With the Orbi, I had multiple issues:

  • Can’t have multiple SSID, and cannot do VLAN tagging
  • Bonjour / mDNS for printer broadcast does not traverse the network
  • In normal mode, the Orbi seems to insist on using set DNS servers, which means it completely ignored our PiHole when on wifi
  • Armor is bollocks

A big irritation I have is that I largely went with this Orbi because it was Wifi6. Black Friday also yielded an Amazon Fire stick on offer - and that was Wifi6 - and I figured this would be a good starting point to transition over.

But no. The Orbi Wifi6 implementation is flawed. In order to use Wifi6 you must use WPA3 for authentication. However, the Orbi does not provide a mixed-mode WPA3/WPA2 environment. Therefore the whole network would need to be WPA3, which would rule out quite a large number of devices.

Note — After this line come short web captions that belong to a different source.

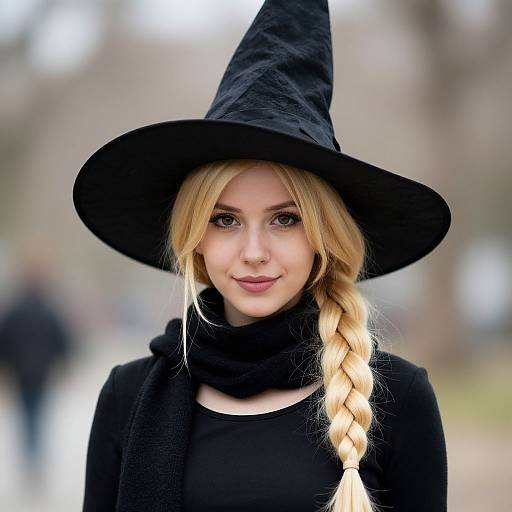 Photograph of a young blonde woman with fair skin, wearing a black witch hat and scarf, black top, and braided hair, smiling outdoors with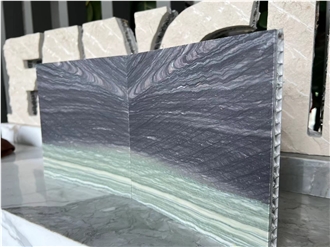 Verde Cipollino Marble Laminated With Honeycomb Panels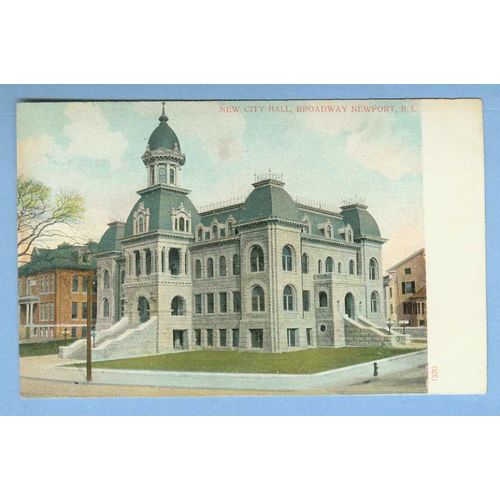 Rhode Island Newport New City Hall Street Scene View Large Old Building On~1159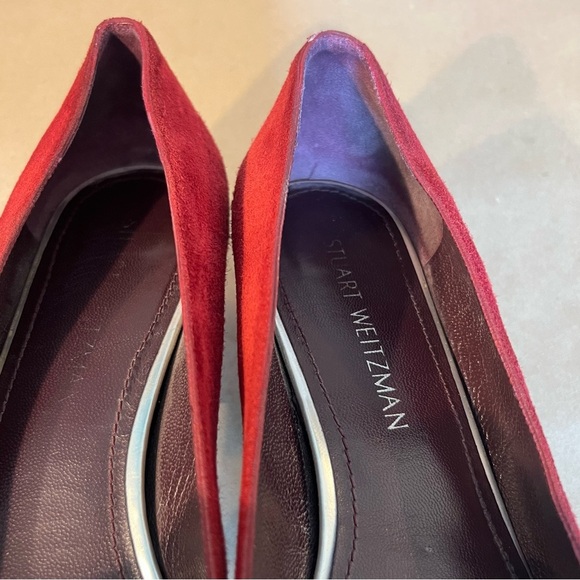 Stuart Weitzman Maroon Suede Leather Square Toe Block Heel Pumps Women’s Size 10 - Picture 7 of 9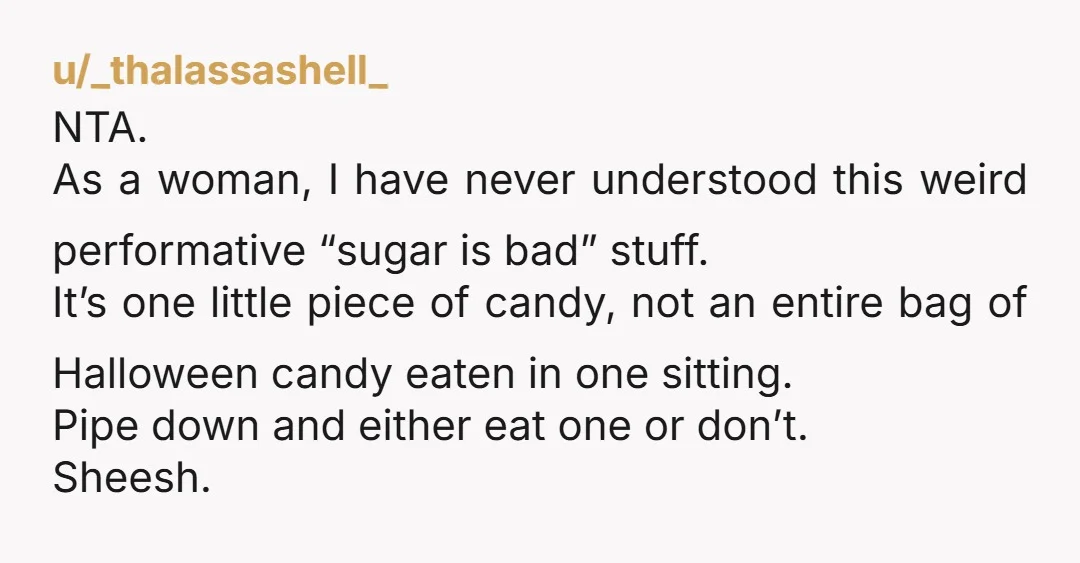 u/starry_nite99 NAH. It’s showing their relationship with food, their struggles with it. They probably don’t even realize they are doing it because it’s been ingrained in them since childhood. Like,...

All told, I have to run the Orbi in “dumb” mode aka AP mode - and the consquence of this is that all the smart bollocks that you pay extra for are automatically disabled. There is no reasonable technological reason for them to be disabled - it’s just what Netgear have decided to do.

Next time…?

The Orbi system is providing me with reliable and fast Wifi albeit at the expense of some advanced networking tools and so for now at least I’m happy enough - it has made the problem go away - but in hindsight the Orbi is not the instant no-brainer I thought it was.

I would still love to one day get the Draytek mesh gear working better but having already invested months in to this, that seems incredibly unlikely, espcially as I’ve already spent hours speaking with support over the issues. I even tried to antagonise both Draytek and Netgear on Twitter in a sort of playground-style “fight! fight! fight!” but they (rightly)… ignored me.

As it happens, we are in the process of pushing out in to the garden (with an office building) where some form of connectivity will be required. I guess the real test of this will be how well I am able to connect that up.

But if (… when) I have to do this all over again, I would probably consider one of the other enterprise alternatives - perhaps the Ubiquiti or the Cisco Meraki kit…? Not sure.